We frequently talk about the potential for a slew of emerging and traditional mobility options, yet most of these get bogged down in limitations induced by car-centric planning.
Tactical urbanism is a grassroots, activist trend that has evolved to fill this gap.
The roots of tactical urbanism lie in community members finding ways to make their voices heard in places where they feel local officials do not consider their needs. This approach offers a novel way for mobility managers to explore how they help their customers access what they need. Tactical urbanist interventions – redesigns of spaces to change how people use them – are frequently used to highlight ways in which spaces can be made safer and more comfortable for the people living in them. These types of interventions could translate well into the process of reimagining transportation networks to better serve local community members’ needs.
An important aspect of tactical urbanism is that community members traditionally take interventions into their own hands. By forcing change in how people use public spaces, it shows them the potential of what the spaces could be.
Sneckdowns, islands of fallen snow or leaves that form in streets from traffic patterns, provide a resource for tactical urbanists to visualize potential new uses for a space. Some tactical urbanists have taken it upon themselves to “enhance” the sneckdowns. A great example comes from Toronto, where a neighborhood resident redesigned an intersection that both better controlled traffic and showed where more space for pedestrians could be built, just using chalk and raking the leaves into a new space.
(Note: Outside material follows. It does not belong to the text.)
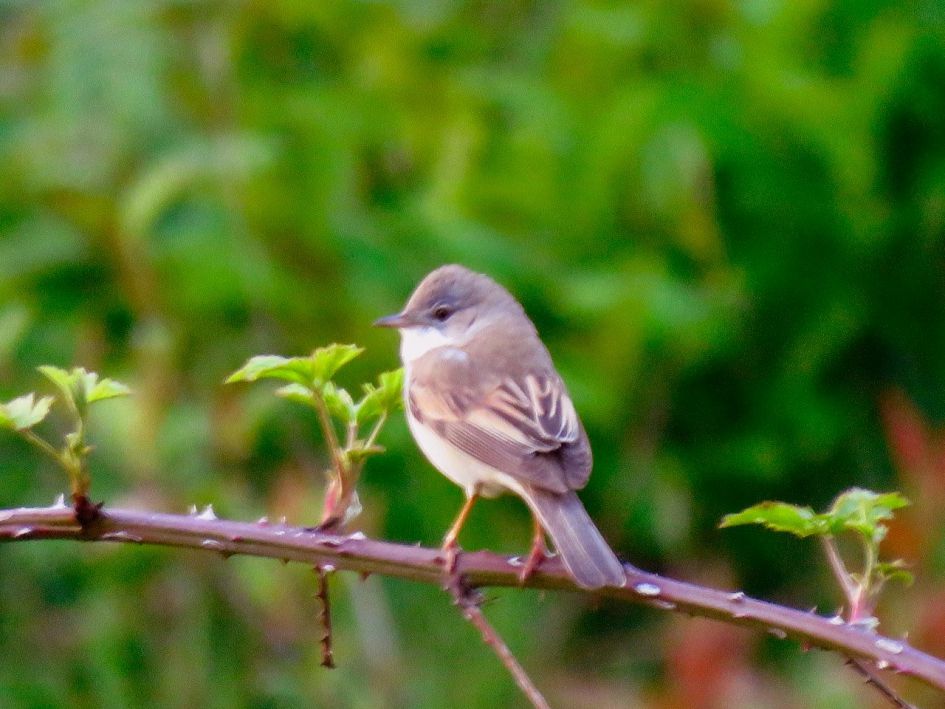 hoe heet dit vogeltje?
A recurring, and effective, tactic that has popped up has been for bike advocates to glue toilet plungers to the street to create protected cycle tracks. Though most cities remove these interventions quickly, some occasionally accept activists’ visions right away and officially design protective barriers into the spaces.
It’s telling that a number of communities, large and small, have begun to officially embrace the spirit and strategies of tactical urbanism, integrating it into their planning efforts. The cheap, easy-to-modify interventions provide a low-risk way of creating safer streets and improving the quality of a variety of mobility options.
The practical side of tactical urbanism also give planners the opportunity to test new design interventions of streets or intersections cheaply and flexibly. Equipment deployed for one test can be repurposed as soon as agencies have gathered the information they need, such as Boston’s use of traffic cones to study a potential dedicated bus lane.
Instances like the Boston bus lanes also show how agencies can use tactical urbanism’s strategies in their own processes to improve the mobility network without waiting for the public to suggest an improvement. These also give agencies highly visible rationales for their decisions that the public would likely trust far more than a behind-the-scenes traffic analysis, since the public both sees and interacts with the change and can provide feedback on an actual experience.
This improvisational mindset also helps communities implement some changes faster than they could through traditional processes. Especially by collecting data to support an intervention, official tactical urbanism can uncover immediate benefits that would support lasting changes, making streets safer for all users immediately.
Beyond making design decisions more flexible for planners, sanctioned tactical urbanism empowers community members and engages them in creating the space that they feel best suits those using it most directly.